Camelô de cátedra
FERNANDO DE BARROS E SILVA
FOLHA DE SÃO PAULO - 04/03/11
Na hora de enrolar, cada um recorre ao que tem de melhor. Os políticos, além disso, são treinados para adaptar suas falas às expectativas da plateia. E nisso Lula é um mestre. Ele estreou como palestrante remunerado anteontem, apenas dois meses depois de deixar a Presidência da República.
E estreou -ganhando algo em torno de R$ 200 mil- no papel de garoto-propaganda e líder motivacional de uma grande empresa de eletroeletrônicos. Falando a executivos e funcionários, repetiu slogans publicitários e disse coisas como: "Quando a gente distribui, as pessoas vão consumir e vão comprar os produtos da LG logo, logo".
Mikhail Gorbachev, o pai da perestroika, quando deixou o governo, nos anos 90, foi requisitado mundo afora como palestrante, a preço de ouro.
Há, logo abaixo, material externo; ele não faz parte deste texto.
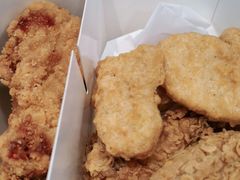 -麦当劳(机场T1航站楼店)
Há poucos anos, já escanteado pela roda da história, virou garoto-propaganda da bolsa -não a de valores, mas a Louis Vuitton. O senhor glasnost ainda preserva algum valor de mercado.
Não se sabe se Lula seguirá o mesmo caminho ou se terá o mesmo destino. Mas Lula, de certa forma, já integrou na mesma figura o político afamado e o vendedor de produtos. É o camelô de cátedra.
A lei brasileira não o proíbe de mercadejar dessa forma, embora pareça flagrante o conflito entre os interesses privados em jogo e o que se deve esperar de um chefe de Estado que acaba de deixar o cargo.
Na véspera da palestra inaugural, seu amigo Paulo Okamoto, presidente do Instituto Lula, dizia à Folha: "Lula é uma figura global, tem muita credibilidade. Ele vai contar sua experiência e motivar o pessoal". Essa definição das novas atribuições do ex-presidente é muito reveladora. Ela serve perfeitamente para aqueles gurus do capital e da psicologia barata que rodam o mundo com palestras padronizadas ensinando as pessoas a ganhar fortunas e gerir suas vidas. Em geral são apenas mensageiros da globalização da bobagem.
Perto deles, o garoto LG é um gênio.